Before you remove the paper, though, you need to secure all your thread ends to protect the stitches. I like to bring all the thread ends to the back of the quilt, tie them and bury the knot inside the quilt.


Did you hear me sigh? This is not my favourite part...

And after an insane amount of stitching and tying off thread ends, the machine quilting was finally finished!





That was all for Part 3. The next and final part will deal with the hand stitching. I hope to see you again then!


15 March 2019

Cosmos, Part 2

Welcome back to Part 2 of the story behind Cosmos! Today I’m going to talk about how I designed the flower motif and master pattern for the applique, and how I assembled the quilt top.

The cosmos flowers on my balcony were of the species chocolate cosmos, and although I adored the colour and scent (they do smell of chocolate!), I soon realised that what I was really after in my design was the more common species with bigger petals.


So I returned once more to cosmology – the study of cosmos.


When I had drawn enough flower heads to choose from I scanned my favourites and played with the size until I hit the right proportions.

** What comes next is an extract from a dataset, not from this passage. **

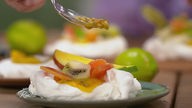 Das Bild zeigt das fertige Dessert Pavlova mit exotischen Früchten.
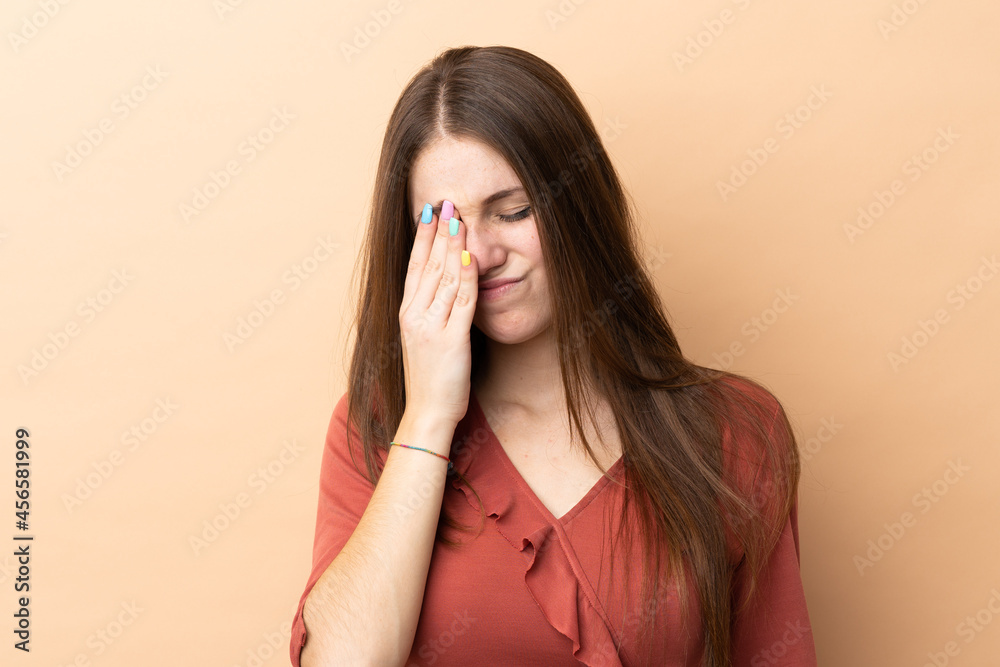 Young caucasian woman isolated on beige background with headache Young caucasian woman isolated on beige background with headache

To help me with that, I printed, cut out and shuffled around the flowers on the fabric I’d created until I was happy with how it looked.


The arrangement of the flower heads may sound simple enough, but bear in mind that I also needed to take the, as yet, unexisting flower stems into account. The tilt of the flower heads had direct consequences for the direction of the stems. In fact, finding a pleasing composition for the stems proved to be a lot trickier than I had thought. I made good use of my eraser.

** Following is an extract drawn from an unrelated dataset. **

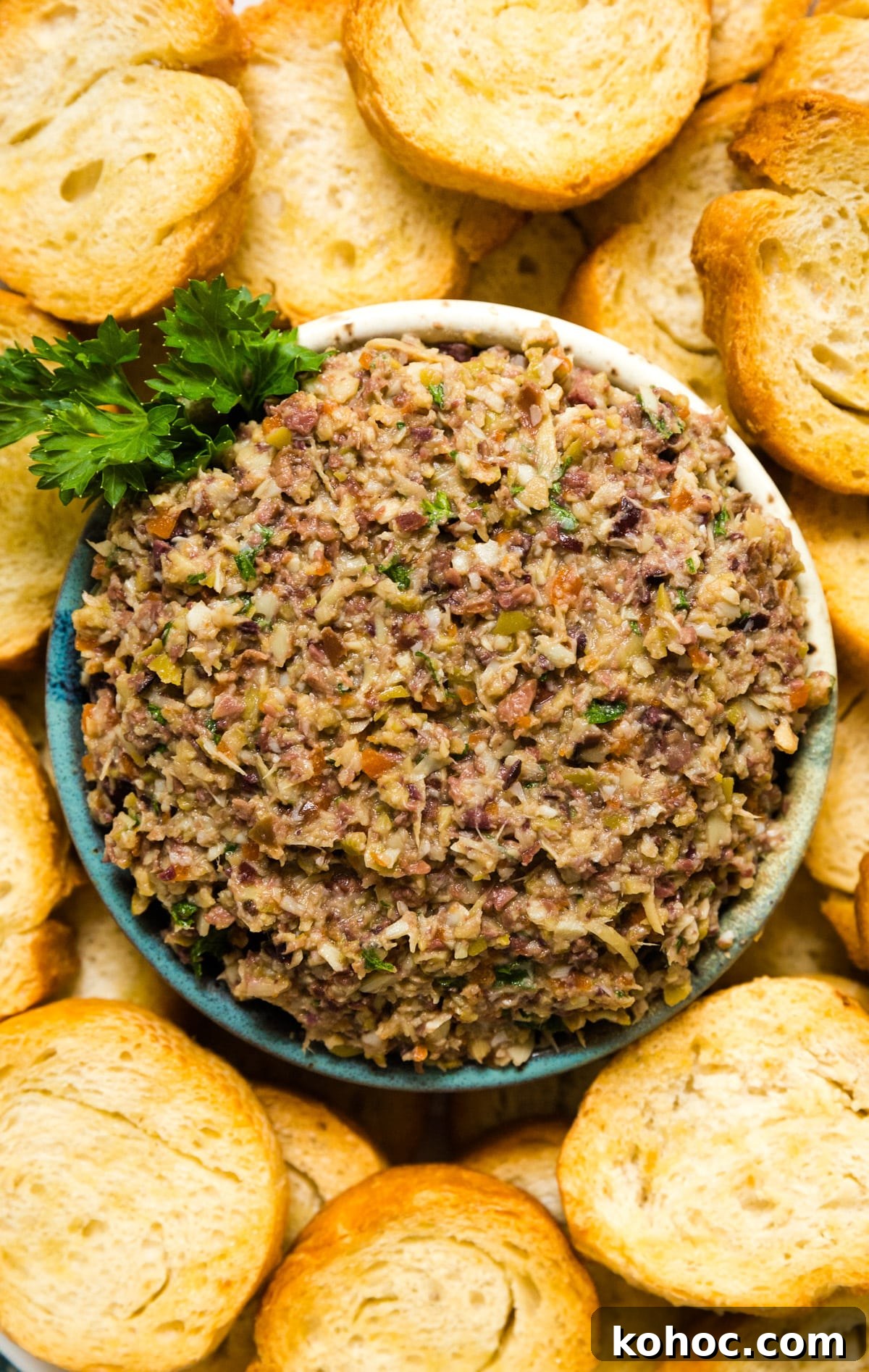 Creamy Artichoke and Olive Dip Recipe 2 An overhead image of a bowl of olive spread surrounded by toasted baguette and a sprig of fresh parsley.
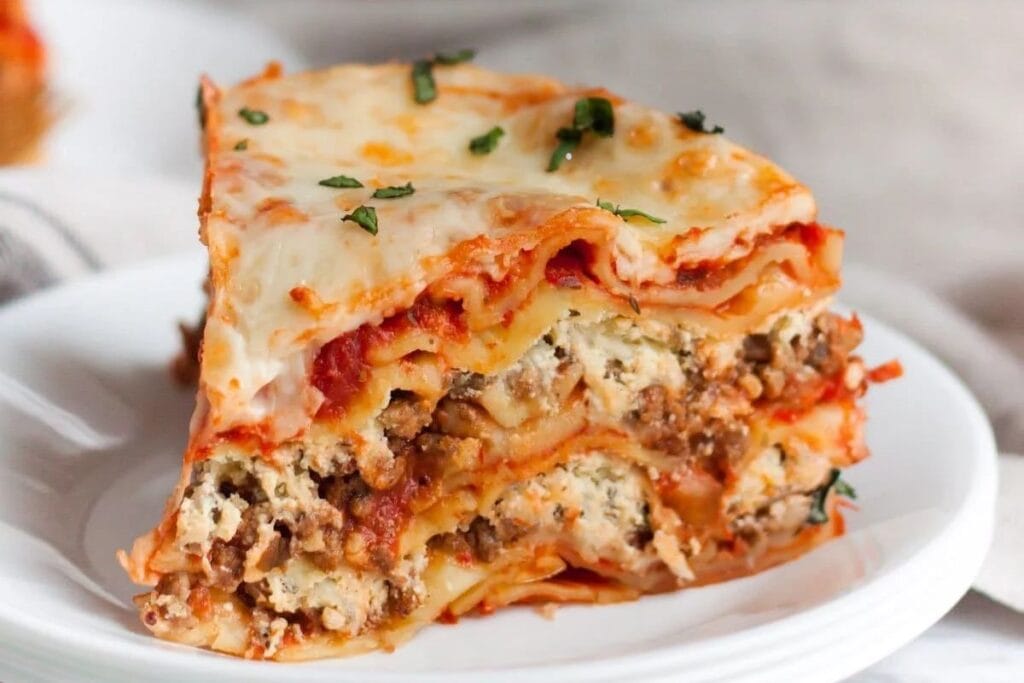 A slice of lasagna on a plate.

When I was happy with the rhythm of the stems it was time to refine the drawing and to ink it. After that I had my master pattern and was ready to start with the applique.


I like to work with fused applique, and in this quilt I wanted white flowers on a dark background. I knew from the start that the best solution for this design would be to use reversed applique, i.e. to fuse the dark background onto a white fabric instead of white flowers onto a dark background. That way the white would stay pure as there would not be a dark fabric underneath it. Also, it would have been quite difficult to cut out and manoeuvre the long, thin and entangled stems without fraying the edges. The background applique pieces would be easier to handle. So I drew the design onto paper-backed fusible web and ironed it to the back of the background fabric. And then I started cutting up my beloved nebula fabric…



To keep track of all the pieces I used masking tape to attach them to the master pattern.




When all the pieces were cut out, it was time to arrange them on the white fabric and to use an iron to fuse everything into place.

Finally, I transferred the lines in the flower heads onto the white fabric with a permanent pen. I was now ready to start sewing.